Your task:
Please copy out the entries exactly, skipping any pictures.

[Extracted records]
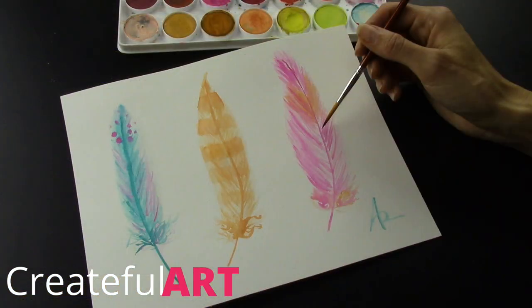Hey there, it's Ashley with Create Flair, and today I'm going to show you how to make gorgeous watercolor feathers. These are really popular right now, especially for the season, and they make really great artwork for your wall.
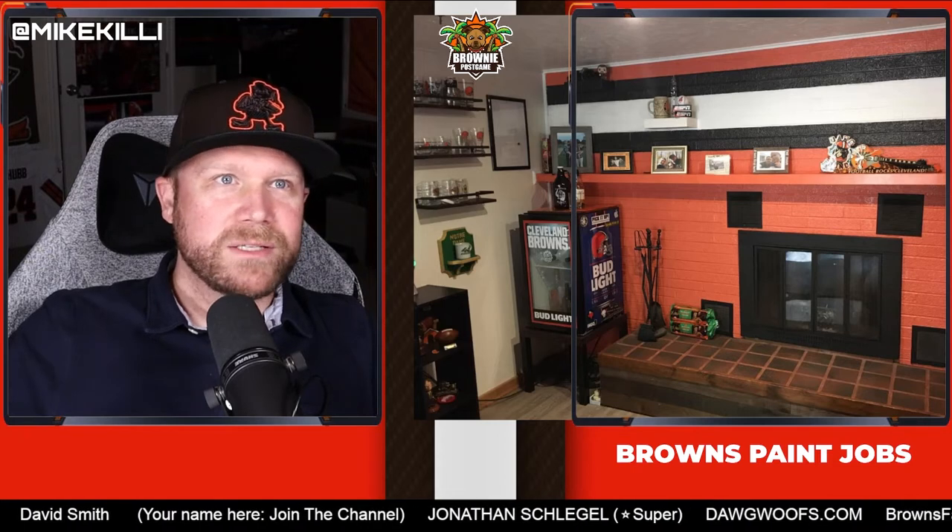Next, we've got the fireplace. You've got the Browns Bud Light fridge, which is awesome. Obviously this is a Notre Dame fan — easy on them for this weekend — but there are a lot of Browns cups there. You've got some Browns stuff and down in the bottom left-hand corner there's some other little Brownie stuff. That's pretty cool stuff on the shelves around the fireplace.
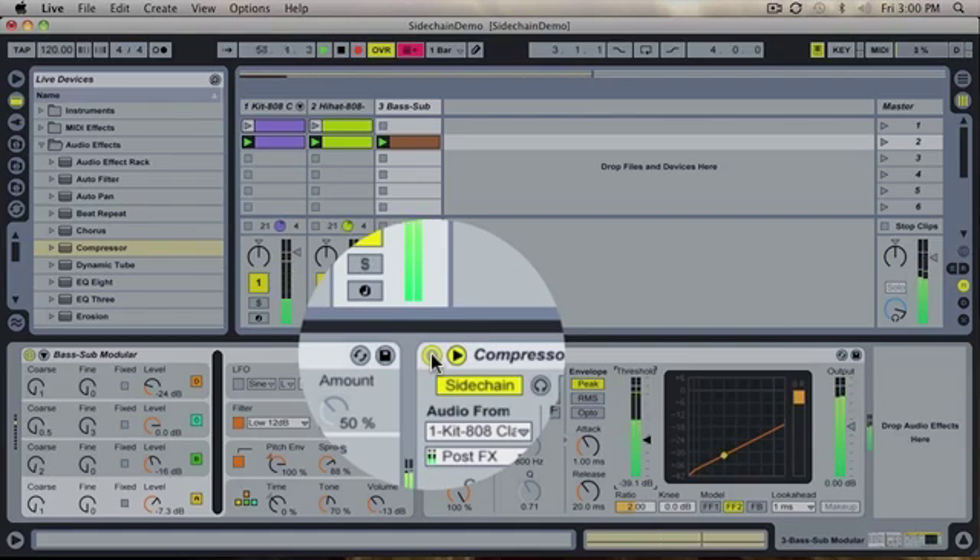This is what it sounds like off. This is what it sounds like off.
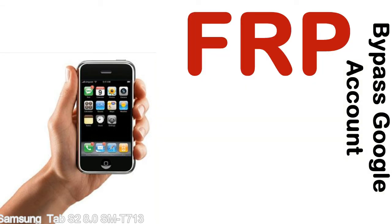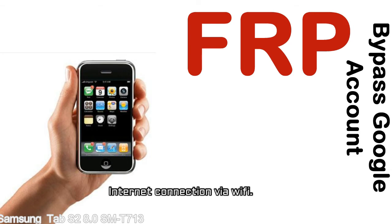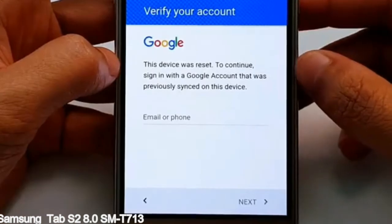Before starting: first, make sure that your device is well charged. Ideally, the battery level should be around 60 to 70% — the more the better. Second, internet connection via WiFi. Here is a step-by-step guide on how to bypass Google account on your Samsung Galaxy device.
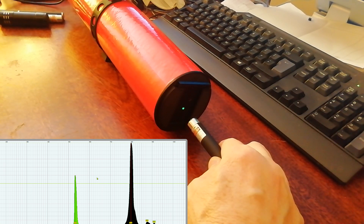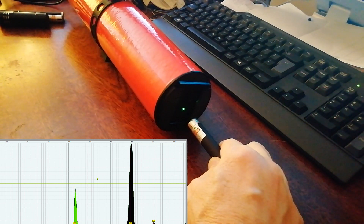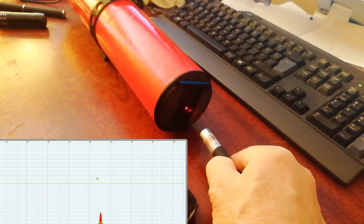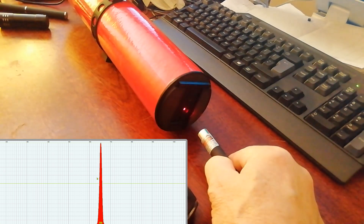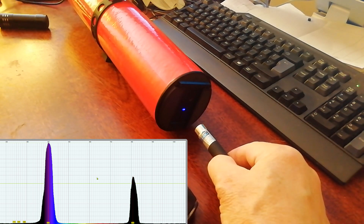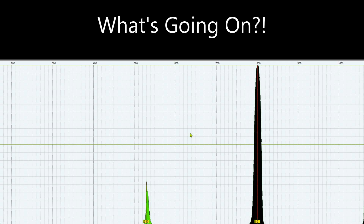Although the main bulk of the colour we can see is green at 531, far more energy is being radiated at about 800 in the infrared, and a little bit at 907 as well. The red laser is doing its job. What's going on? Why do we get these infrared peaks for the green and the violet lasers, but not for the red one?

Completed task:
Hey there, it's Ashley with Create Flair, and today I'm going to show you how to make gorgeous watercolor feathers. These are really popular right now, especially for the season, and they make really great artwork for your wall.
Next, we've got the fireplace. You've got the Browns Bud Light fridge, which is awesome. Obviously this is a Notre Dame fan — easy on them for this weekend — but there are a lot of Browns cups there. You've got some Browns stuff and down in the bottom left-hand corner there's some other little Brownie stuff. That's pretty cool stuff on the shelves around the fireplace.
This is what it sounds like off. This is what it sounds like off.
Before starting: first, make sure that your device is well charged. Ideally, the battery level should be around 60 to 70% — the more the better. Second, internet connection via WiFi. Here is a step-by-step guide on how to bypass Google account on your Samsung Galaxy device.
Although the main bulk of the colour we can see is green at 531, far more energy is being radiated at about 800 in the infrared, and a little bit at 907 as well. The red laser is doing its job. What's going on? Why do we get these infrared peaks for the green and the violet lasers, but not for the red one?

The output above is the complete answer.